The images establish the mood in the story. It starts off happy and lively and ends with being sad and less active because Eli becomes old.
The images could tell the story because it starts out with Astrid coming home as a baby, to her measuring their heights getting taller, to Eli getting weaker, to the sunset picture of them together at the end. You couldn’t visualize what Eli or Astrid looks like and how Astrid gets bigger than him as the story goes on.
There’s a picture towards the end of Eli laying on the couch looking old and sick, Astrid is laying on the top of the couch stroking Eli’s head. This is a special moment in that Astrid can tell Eli is getting very old and realizes the end of his bucket list is coming to an end (this picture is below).
The last page and picture is meaningful as it shows Astrid and Eli sitting on a blanket observing a sunset, her arm around him. It made me wonder if this was their last moment together? If the setting sunset symbolized Eli’s life? This picture is shown below. This last page was a sad but happy ending to the story. It was special that if this was their last moment together, it was a beautiful one!
As I read this story, I noticed that the sentences were not all on one page. One sentence would be on the left side of the page and two sentences would be on the top and bottom of the second page. You can see this in the first picture below. This way of placing words could be confusing for young readers since it all isn’t in the same spot down the page.

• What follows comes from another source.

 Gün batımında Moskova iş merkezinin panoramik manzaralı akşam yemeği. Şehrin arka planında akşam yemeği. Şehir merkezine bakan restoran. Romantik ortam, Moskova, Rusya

There were some conversation texts when dialogue moves back and forth between Astrid and Eli, and the conversation tells the story (Ray, 1999). When Astrid talks to Eli, instead of Eli responding back verbally, we know what he is thinking. For example, in the book Astrid asks Eli, “have you ever been down a slide? You really should before you get too old.”
After they slid down the slide, Eli thinks in his mind “that was fun. Who knew?” It’s helpful for readers to know what Eli is thinking since he can’t verbally express words like Astrid. This is more realistic than a dog and girl having a real conversation back and forth in a book.
There was no rhyming in this book or repetition of phrases or sounds. There was a repetition of the word “old”. It was used more than once throughout the book since the whole reason for Eli’s bucket list was because Astrid knew he was getting to be too old. She wanted them to accomplish this before he couldn’t do these activities anymore. As she was young, she didn’t truly understand that Eli was going to die.
Since this is a children’s book towards a younger audience, the writer kept the words and sentences very simple besides a few. Words that kids may not understand quite yet could include “handsome”, “permission”, “equivalent”. If reading this book in class, the teacher could explain to students what the words mean and/or write the definition on the board.